Heh, I just realized that this means that biweekly (once per two weeks) is about the same as bimonthly (twice per month)


Biweekly is twice per week just like biannually is twice per anum.

Fortnightly and biennially are 'every other'.


The fact that the parent comment used Biweekly to mean 14 days seems to suggest that it's not unambiguous.


It’s ambiguous if people misunderstand you even if they’re “wrong” for being confused. Avoid those terms. People will widely misinterpret them.


A bicycle is not half a wheel, it is two wheels. If bi-annual is twice a year, then why does the word semi-annual exist? And I’m American, we don’t use the word fortnight unless we’re pretending to be British.


> then why does the word semi-annual exist

My large Collins dictionary suggests that biannual means twice per year, while semi-annual has more of a hint at 'six-monthly', i.e. evenly space (which makes sense if you think semi-circle, semi-detached, etc.).

> And I’m American, we don’t use the word fortnight unless we’re pretending to be British.

Ah well there's the problem! ;) But well, yes, of course if you remove the word for something from your vocabulary there's going to be ambiguity when a similar one is used. Or just stick to 'every [other] week' and remove biweekly too.


"why does the word semi-annual exist"

Your parent already provided the counterpoint, Biennially.

Additionally I'm not convinced by your bicycle => 2 => bi annual logic.

You could equally argue it leads to 2 times a year, because it doesn't happen a half every year just like a bike doesn't have half a wheel.


Mostly I'm just arguing that it's ambiguous. I don't have a strong opinion, but the person I was responding to did and it seems like a silly thing to be so adamant about.


I'm 'so adamant' about what they mean only in the same sense that I am about any other word I know the meaning of, I only meant to be helpful.

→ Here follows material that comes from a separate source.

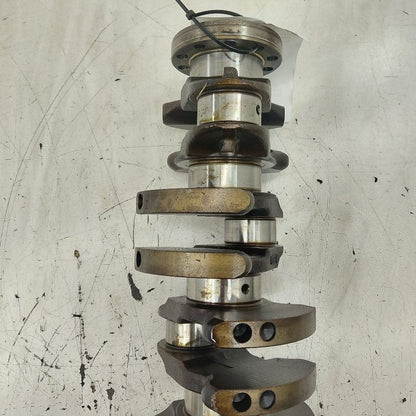 Volvo S60 Engine Crankshaft Crank Shaft  2.5 2013 2014 2015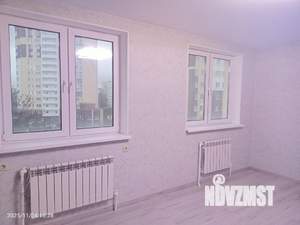 1-к квартира, вторичка, 40м2, 5/19 этаж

For your bicycle example that I didn't reply to initially - I don't see what it breaks? Unicycles have one and tricycles three wheels. If i give you a wheel triweekly you have three by the end of the week and can build a tricycle.


FWIW, regarding correct usage: the dictionary on my computer (Oxford American English) lists both meanings of biweekly and does not put either meaning forward as more correct. It even has a whole entry on the ambiguity of the 'bi' prefix.


I can confirm that the proper OED has the same definition.

"Bi- 2a occurring twice in every one or once in every two (biweekly)"

Biannual is only defined as occurring twice a year though.

So, inflammable.


That's wrong in multiple ways. Fortnightly is 14, and bi is ambiguous because English has weak grammatical structure inside words.


Yes, 14 days (nights), which is - as I phrased it - every other week.

I didn't claim any strong grammatical structure of 'bi', just consistency between biweekly and biannually, and that 'once per two weeks' was the meaning of a different word, as is 'once per two years'.